Ivy Taylor just made history. The Yale grad won a hard-fought race to become the first Black mayor of San Antonio, Texas, the seventh largest municipality in the U.S. and a majority Hispanic city.
After being appointed interim mayor last summer when Julian Castro left to become President Obama’s Secretary of Housing and Urban Development, Taylor won a close runoff election against former state Senator Leticia Van de Putte. According to reports, Taylor tacked to the Right and was able to cobble together 52 percent of the vote by appealing to both African-Americans and white conservatives.

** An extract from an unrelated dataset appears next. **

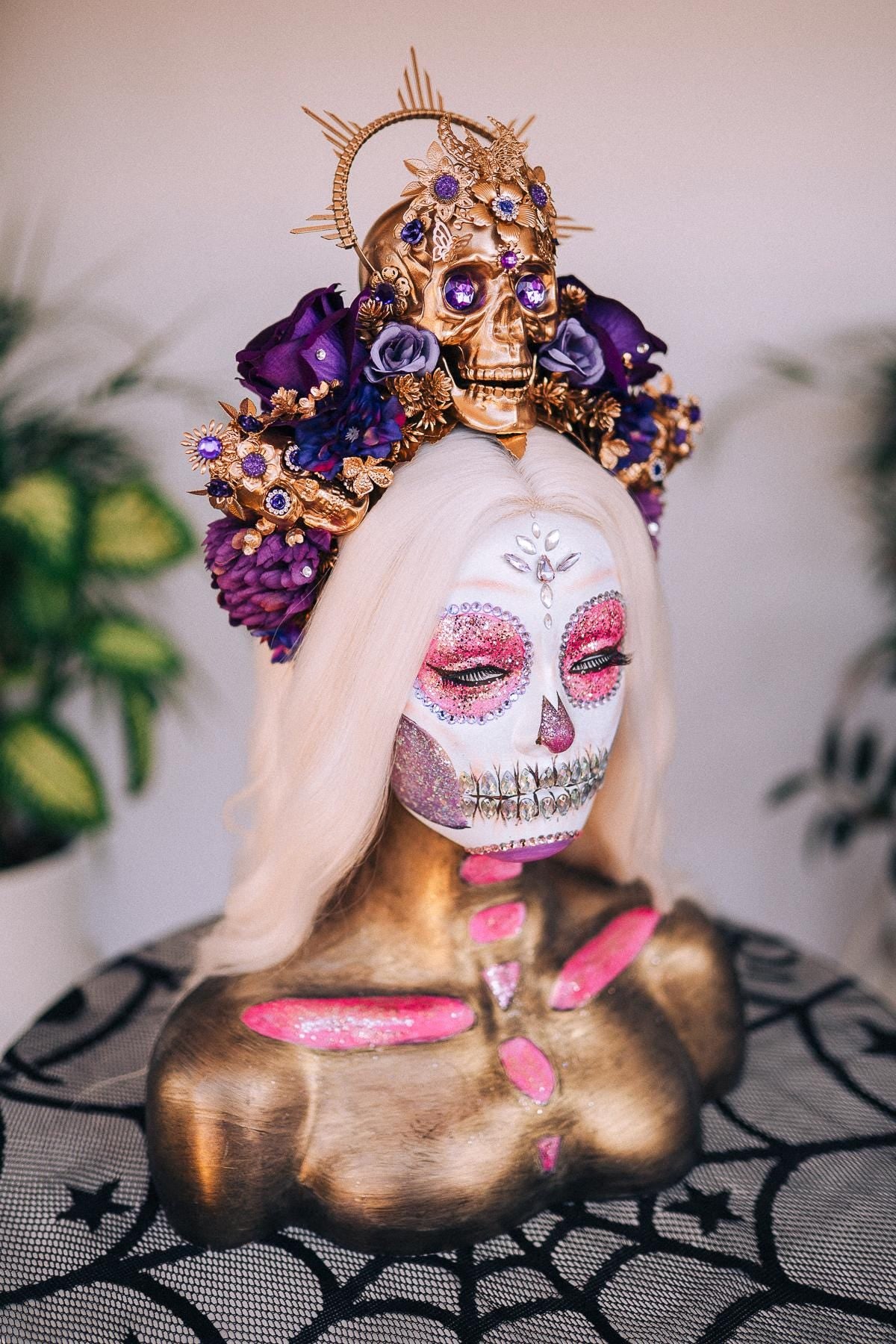 La Catrina Crown, Purple Roses, Gold Skull, Day Of The Dead, Gothic Headpiece, Halloween, Sugar Skull, Floral Halo, Celestial, Flower Crown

Born and raised in Queens, New York, Taylor earned a Bachelor’s degree from Yale, and a Master’s Degree in City Planning from the University of North Carolina at Chapel Hill. During grad school, Taylor moved to San Antonio for an internship and met her future husband. She decided to stay in the city and worked for the Housing and Community Development Department and the Neighborhood Action Department. Before being elected mayor, Taylor served on the city council, advocating for low taxes, smart government, and economic development.
Taylor’s win surprised many in the staunchly Democrat city. Although the race was non-partisan, many in the Republican camp cheered her win and what it may signal for the city’s future.
“It’s a new day in San Antonio,” Taylor strategist Josh Robinson said after her win. “The old way of doing things didn’t work anymore.”
In her victory speech, Taylor thanked her supporters and told them she was eager to dive into her new role.
“Do you realize we have defeated a political machine?” she said. “The work starts on Monday at City Hall. We come together now as a city.”